Today's post is an economic idea I have had. Its nothing terribly fancy in fact its rather simple. I got this idea from the criticism of Alan Greenspan and the Federal Reserve keeping interest rates so low for several years from 2001-2005 that when inflation was taken into account real interest rates were actually negative.
So here it goes. The federal reserve, supposedly in a move to be more transparent, released and internal study forecasting that the economy would slow to as slow as a 1.6% GDP. However, this federal reserve is well known for always focusing on so called "core" inflation which excludes energy and housing costs among other thing. But obviously energy and housing prices affect the consumer's standard of living heavily.

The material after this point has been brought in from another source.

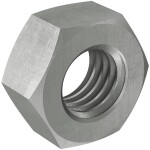 šesťhranná matica M6 100 ks Fischer MU M 6 79733; 79733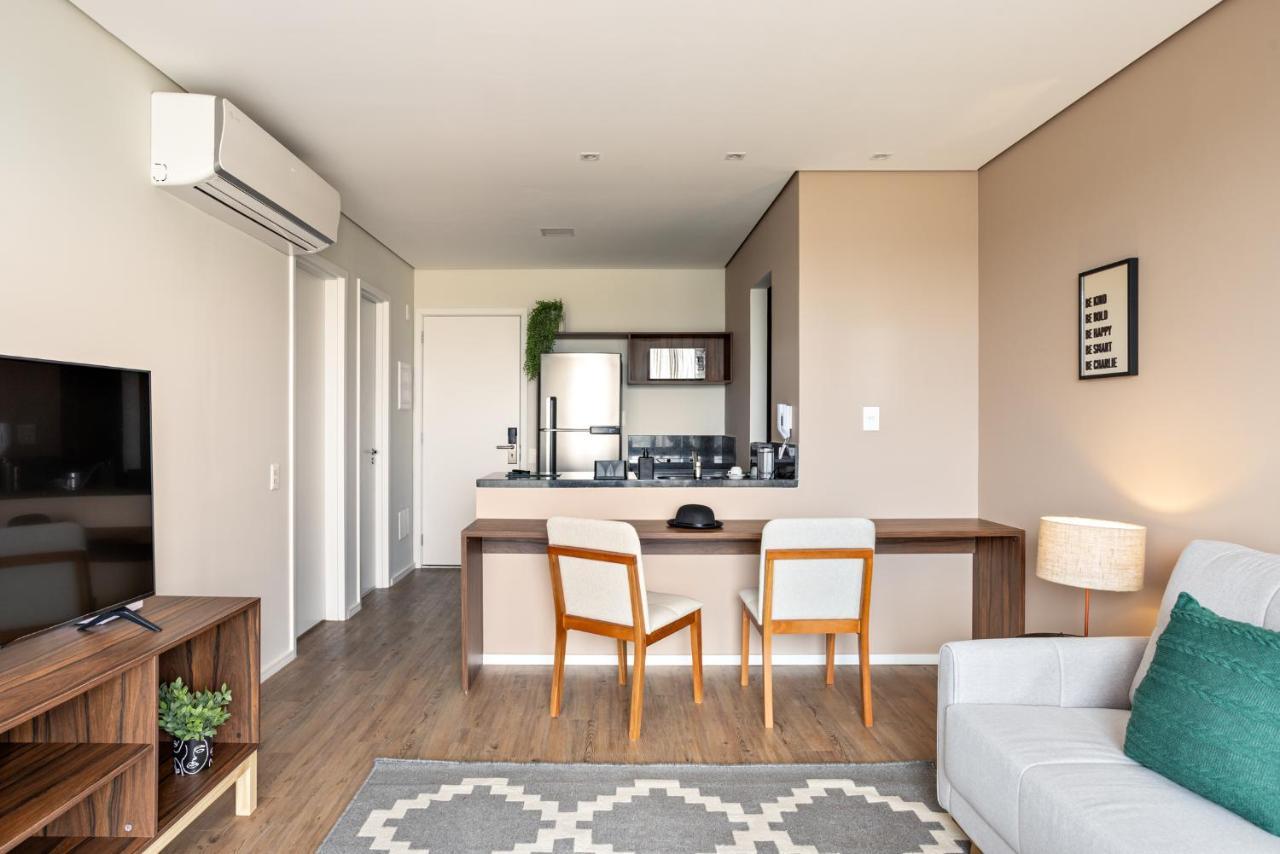 Apartment Charlie Jockey Pinheiros *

So essentially if the difference between "core" inflation and say an inflation figure including energy and housing is more than 1.6% than a fair measure of the GDP during the forecasted time would actually be zero or less ( i.e. a recession).
So I hereby coin the term the "stealth recession." To me its a recession wherein a true GDP is negative while the nominal ones, and the so called real ones which utilize "core" inflation show a positive gain. If the fed's real GDP ( nominal GDP - core inflation) forecast is 1.6% but say the so called non-core inflation is closer to 6% than a true of fair measure of real GDP would be closer to -4.5%.
I theorize that we have had stealth recessions before. That is why the economic figures are always touted as being okay or good and then anecdotally through the media we hear stories of how consumers still seem to be suffering or not feeling as though things are improving on their end.